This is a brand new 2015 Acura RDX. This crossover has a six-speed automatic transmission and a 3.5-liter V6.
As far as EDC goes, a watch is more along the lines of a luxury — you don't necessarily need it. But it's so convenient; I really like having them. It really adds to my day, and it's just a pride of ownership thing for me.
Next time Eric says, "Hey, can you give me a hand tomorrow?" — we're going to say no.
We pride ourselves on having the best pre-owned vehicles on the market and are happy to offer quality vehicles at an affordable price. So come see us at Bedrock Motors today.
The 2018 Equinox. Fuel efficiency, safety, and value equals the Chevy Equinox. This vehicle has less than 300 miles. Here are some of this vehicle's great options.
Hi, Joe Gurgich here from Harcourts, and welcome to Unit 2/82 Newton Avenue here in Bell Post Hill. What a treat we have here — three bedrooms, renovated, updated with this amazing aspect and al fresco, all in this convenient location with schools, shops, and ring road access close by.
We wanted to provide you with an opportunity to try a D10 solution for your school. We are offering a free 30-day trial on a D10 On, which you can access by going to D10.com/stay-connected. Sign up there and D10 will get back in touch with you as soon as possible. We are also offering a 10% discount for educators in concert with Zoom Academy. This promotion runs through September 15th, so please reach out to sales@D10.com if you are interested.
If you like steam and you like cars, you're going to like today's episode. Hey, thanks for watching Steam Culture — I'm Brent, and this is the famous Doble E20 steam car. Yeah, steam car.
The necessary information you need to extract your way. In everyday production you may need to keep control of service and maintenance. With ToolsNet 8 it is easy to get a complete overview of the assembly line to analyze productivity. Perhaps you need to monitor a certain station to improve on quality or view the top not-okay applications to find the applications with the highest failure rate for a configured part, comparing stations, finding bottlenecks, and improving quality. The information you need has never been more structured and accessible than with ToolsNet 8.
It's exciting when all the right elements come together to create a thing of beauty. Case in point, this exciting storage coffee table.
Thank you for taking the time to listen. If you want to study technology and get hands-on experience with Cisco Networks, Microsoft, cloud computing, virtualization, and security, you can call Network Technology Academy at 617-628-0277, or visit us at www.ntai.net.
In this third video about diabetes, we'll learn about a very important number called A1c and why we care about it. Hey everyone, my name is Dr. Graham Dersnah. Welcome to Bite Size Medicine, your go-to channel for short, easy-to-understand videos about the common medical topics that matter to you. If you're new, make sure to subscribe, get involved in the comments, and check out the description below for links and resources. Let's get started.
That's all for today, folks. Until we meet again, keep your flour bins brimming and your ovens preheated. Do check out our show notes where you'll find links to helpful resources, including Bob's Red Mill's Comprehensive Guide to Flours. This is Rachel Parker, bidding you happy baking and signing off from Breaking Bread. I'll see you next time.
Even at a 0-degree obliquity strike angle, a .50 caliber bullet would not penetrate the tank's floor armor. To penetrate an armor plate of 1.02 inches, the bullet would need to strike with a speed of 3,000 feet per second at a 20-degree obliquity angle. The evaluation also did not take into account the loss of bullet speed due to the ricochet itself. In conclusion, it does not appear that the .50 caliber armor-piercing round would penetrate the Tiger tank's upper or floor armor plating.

=== EXERCISE ===
The lines that mention the word "time" should be pulled from the records above.

=== OUTPUT OF THE EXERCISE ===
Next time Eric says, "Hey, can you give me a hand tomorrow?" — we're going to say no.
Thank you for taking the time to listen. If you want to study technology and get hands-on experience with Cisco Networks, Microsoft, cloud computing, virtualization, and security, you can call Network Technology Academy at 617-628-0277, or visit us at www.ntai.net.
That's all for today, folks. Until we meet again, keep your flour bins brimming and your ovens preheated. Do check out our show notes where you'll find links to helpful resources, including Bob's Red Mill's Comprehensive Guide to Flours. This is Rachel Parker, bidding you happy baking and signing off from Breaking Bread. I'll see you next time.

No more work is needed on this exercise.